The new economic order will challenge ingrained gender stereotypes and create new challenges and anxieties in the process.

Men like Danny Hawkins, featured in the Time magazine article, will increasingly take on the roles of househusbands. Hawkins takes care of his two daughters and is treasurer of the PTA and homeowners association while his wife serves as a top executive at Henry Ford Health System.

But will society ultimately deem men like Hawkins weak and unworthy because they cannot keep pace with their spouse’s achievements? How will men react when their defining role as family breadwinner becomes usurped? And will women secretly begin to resent having to serve as the family’s primary breadwinner?

Time will only tell. The only certainty is that women will have greater influence in the workplace, and that will make all of our lives better.

To learn more about the upcoming economic shifts, read the cover story in this week’s Time magazine, or check out Liza Mundy’s new release, The Richer Sex: How the New Majority of Female Breadwinners Is Transforming Sex, Love and Family.

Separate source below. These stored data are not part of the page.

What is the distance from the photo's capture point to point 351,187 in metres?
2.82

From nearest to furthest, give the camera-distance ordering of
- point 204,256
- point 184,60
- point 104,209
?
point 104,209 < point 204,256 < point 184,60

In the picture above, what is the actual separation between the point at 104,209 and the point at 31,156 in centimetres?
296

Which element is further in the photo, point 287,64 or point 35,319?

{ 4 comments… read them below or add one }

ImpulseSave March 22, 2012 at 7:40 am

Thank you for writing about this. I’ll have to check out the TIME article, because this sounds so interesting. We could have seen this coming with the majority of college graduates being female for some time now. I think that aside from all the controversy likely to come out of this discussion and theme in our society, the most important piece to remember is that for the first time in history, women have a choice and an opportunity to make money and be independent. For better or for worse, I think that that achievement alone is worth celebrating. Of course, women who do wish to uphold the traditional role of stay-at-home mother have every right to do so as well.

CJ Belle March 22, 2012 at 2:36 pm

I should add that I am the breadwinner in our marriage, I make 3 times what my husband makes (I also have a PhD); and my husband had not finished his B.S. as of yet (he left school years ago). It makes for an interesting dynamic…I feel sometimes like I’m still holding the weight of both sides of the marriage…doesn’t sit well with me at all, and I know others who feel this way too. A timely, and expected article.

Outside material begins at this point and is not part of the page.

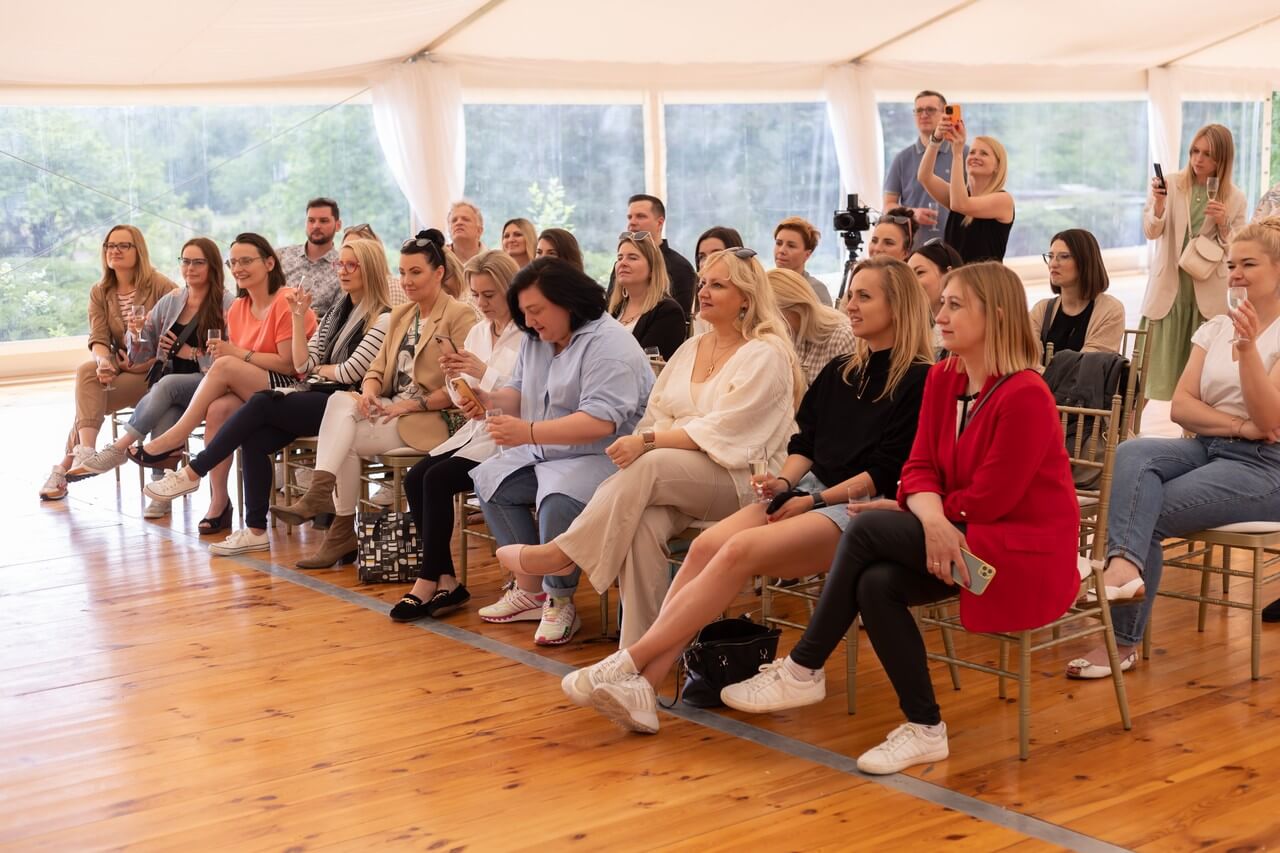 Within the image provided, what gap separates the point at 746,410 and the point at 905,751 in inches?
42.2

Alonzo March 23, 2012 at 4:21 pm

Thanks CJ for sharing your perspective.

It’s going to bereal interesting to see if with increasing economic power, will women feel an even greater pressure to support their families. Will this cause resentment if a spouse isn’t holding up his end? Will men see it as a motive to step up their game or will many husbands see it as a way to get over. Why push yourself if your wife is bring home the bacon and you don’t have to do anything?

It’s my hope men will step up their game and get the education or initiative to advance their careers in order to share the burden. I guess only time will tell.

Alonzo April 12, 2012 at 11:43 am

I completely agree. It’s definitely a great thing that women are having more options than ever before.

The battle is not over though as I think we should still push for pay equality as well, seeing that women unfortunately earn less than 80 cents for every dollar a man makes.